Driving home the other day, I saw a young girl swinging in a playground down the road from me. Her hair was flying and it seemed she was having a good time.

I remember when I could do that, except when I was in the swingset crowd, I had a pixie haircut and my inch-long “locks” wouldn’t have been flying.

However, the swingset crowd is more concerned with having a good fun day than having a bad hair day.

Really, that’s a mantra by which to live.

Growing up in South Bend, Indiana, our family was one of the few on the block that had a swingset, so that made our backyard popular at times. One time, a bunch of us kids got on the structure for an impromptu play date. Apparently there were too many of us, because the swingset — that of the old-fashioned variety — upended from the ground.

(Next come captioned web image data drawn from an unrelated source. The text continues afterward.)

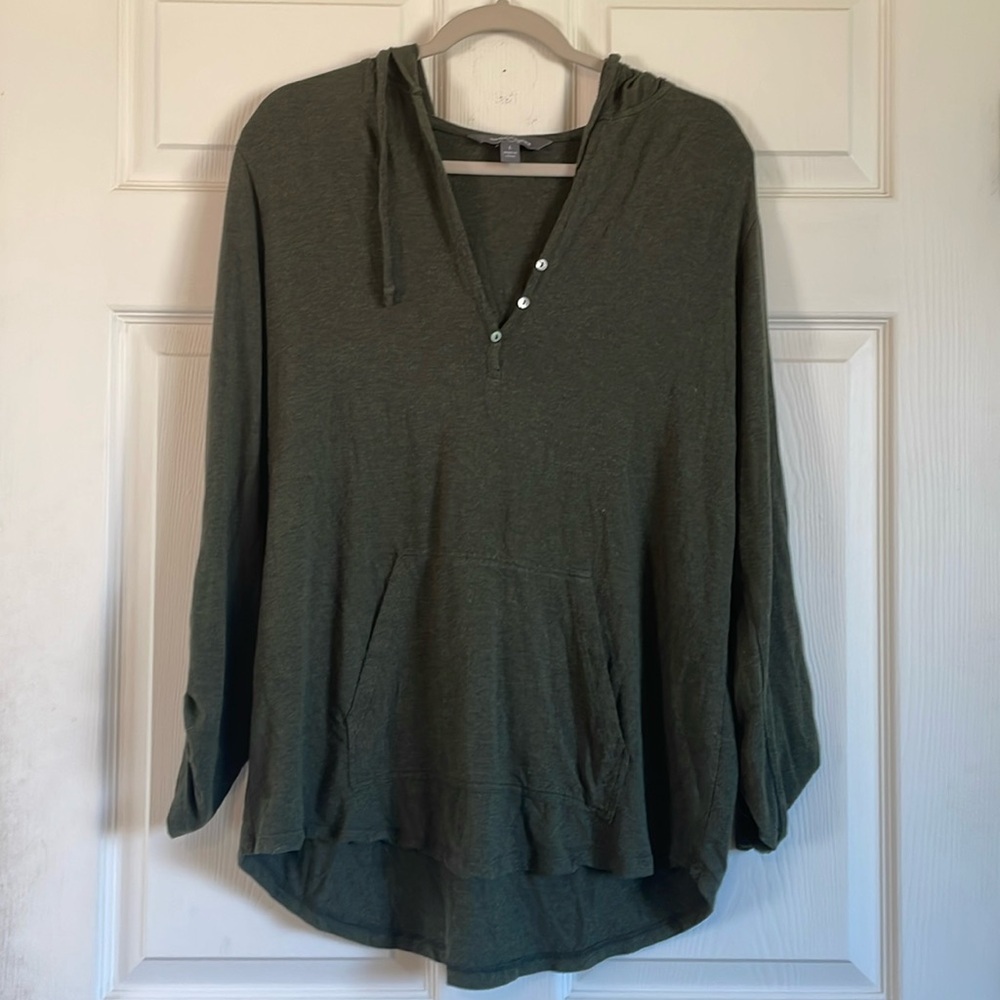 Market & Spruce Womens Salvatrice Henley Top Olive Hooded Roll Tab Knit, Size L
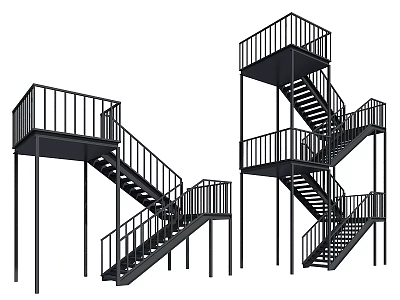 Modern Black Metal Staircase Design With Railings And Multi Level Platforms 3d model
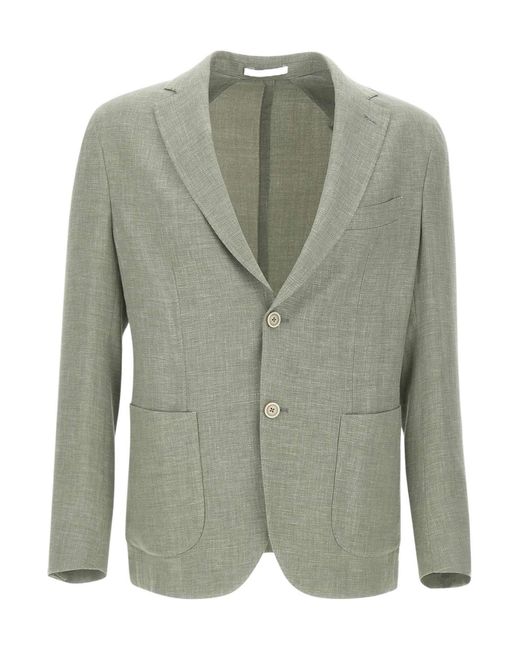 Eleventy Green Single-Breasted Slim-Fit Blazer for men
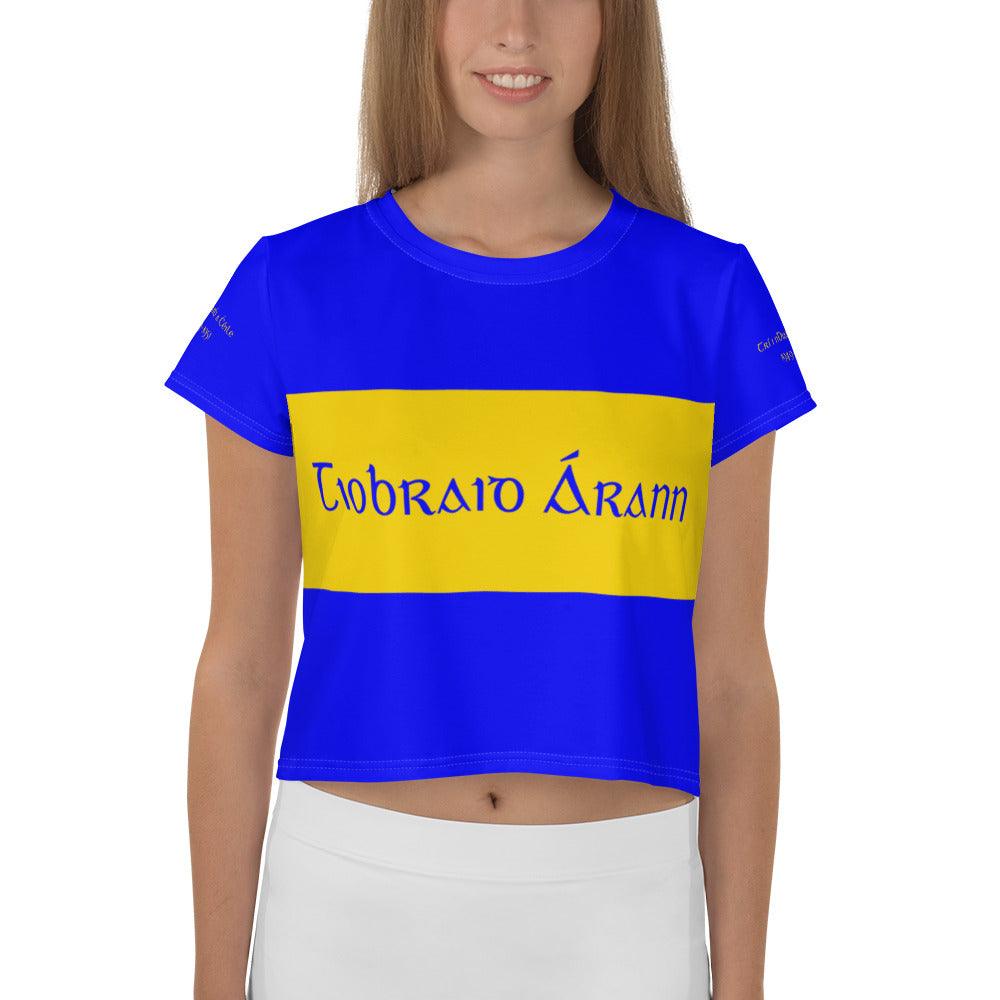 Women's Tipperary 3 in Row 1951 Retro Supporters Crop Tee designed by Moon Behind The Hill available from Moon Behind The Hill's Custom Made Apparel range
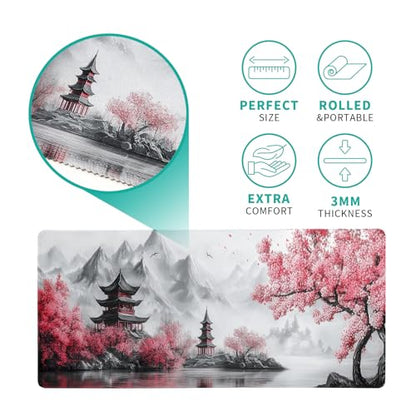 Retro Cherry Blossoms Mouse Pad 31.5x11.8 Inch White Full Desk Japanese Mousepad Extended Large Non-Slip Rubber Base Waterproof Big Keyboard Mat with Stitched Edges for Gaming and Office - color: Retro Cherry Blossoms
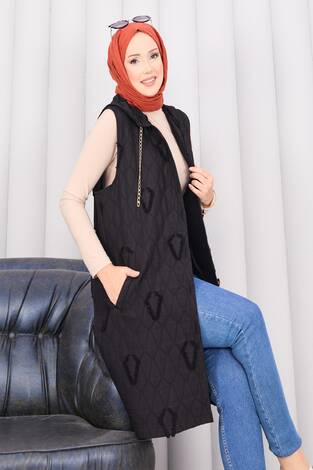 Kapüşonlu Düğmeli Tesettür Kapitone Yelek Siyah - Thumbnail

It was kind of a dangerous yet exciting thing to happen — nobody was injured in the incident — and eventually the swingset was put back into place.

There was something about a swingset that just drew in kids.

However, I wasn’t a huge fan of monkey bars. In my formative years in the 1960s, equipment was placed on asphalt, meaning if you fell and cracked your head, too bad for you. With monkey bars, the odds were greater that I would have fallen more than I would have flown off a swing.

With swings, you could get creative. Often I would twist the chain in one direction, and then let go, and I would spin in the opposite direction. With a really hard twist, I could even made a secondary spin.

The merry go rounds took a bit of timing skill. You had to hop on at the right time and grab onto a handle or be flung off the ride. You then had to either wait until the merry go round stopped, or hop off, again at the right time, when you probably were a bit dizzy.

Generally, playgrounds were hard to resist, even if you weren’t in your neighborhood. Spiral slides were even cooler, if nothing else because they looked different.

I do recall a big, metal triangular slide by my grandmother’s home that was hard to use on a hot day. I typically wore shorts in warm weather, and my bare hamstrings did not mix well with hot metal. You also had to navigate up the side of the slide to get to the top, which was usually the best place to begin a slide.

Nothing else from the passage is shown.